ダニエル・P・マニックス黒い積荷』(Black Cargoes: A History of the Atlantic Slave Trade、1962、土田とも訳、平凡社、1976)を読みおわぅた。マルカム・カウリー協力のもと書かれた間大西洋奴隷貿易に関する先駆的な研究書。イギリス軍による奴隷貿易鎮圧が、西アフリカ沿岸における制海権の確立とアフリカの植民地化につながったことが書かれてないなど、限界はあるものの、奴隷にされたアフリカ人はもちろん、奴隷商、船長、平水夫、アフリカの王たち、仲買人、解放奴隷、奴隷制廃止論者、政治家、海軍士官、農場主といったさまざまな視点から、奴隷貿易を多角的に捉えようとする画期的な試みであったことは間違いない。

読んでいて感じたのは、歴史は何か大きな陰謀があって動かされるものではないということ。ひとりひとりの人間は、それぞれ目先の利益のために、奴隷貿易に関わっていたにすぎない。ひとりひとりの無自覚な動きが、全体として、思いもよらぬ方向に歴史を動かしていく。例えば、アフリカの奴隷の多くは、当初、近隣国との戦争のなかで獲得された捕虜であり、労働力というよりも、交換条件としての人質だったはずだ。アフリカの王たちは、それを白人に譲りわたしていたにすぎない。

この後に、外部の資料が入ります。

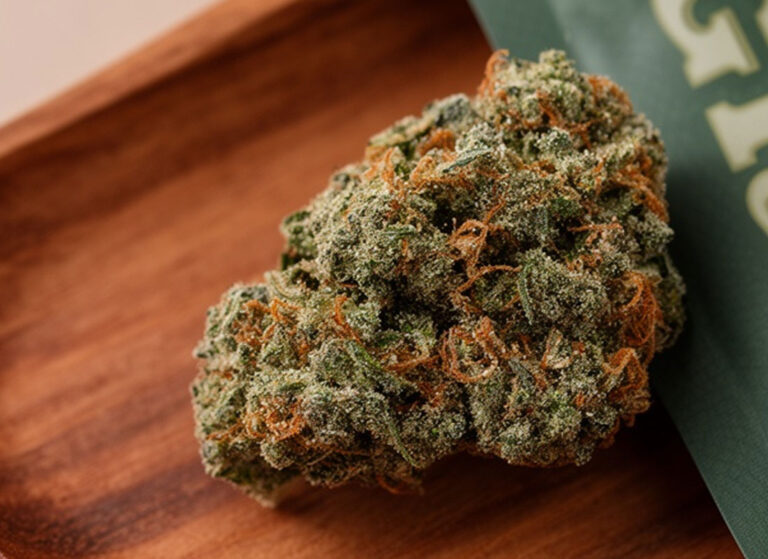 Behind the Scenes: How GREENS Craftsmanship Sets Us Apart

しかし、「新世界」開発のために、労働力が際限なく求められるようになると、奴隷は交渉を有利に進めるための手段ではなく、「商品」という目的となり、奴隷にする人間を捕えるために、戦争や誘拐が行われるようになった。そうやって捕えた奴隷の対価として、王たちは銃や火薬を手に入れ、再び近隣に戦争をしかける。王たちにしても、奴隷商にしても、目先の利益で動いていたにすぎないのだが、その結果、奴隷や戦争の持つ意味を変え、アフリカ社会を根底から揺るがす方向に歴史を動かした。

歴史は無自覚なひとりひとりによって、動かされる ― 今の世界でも、同じことがいえるのではないか。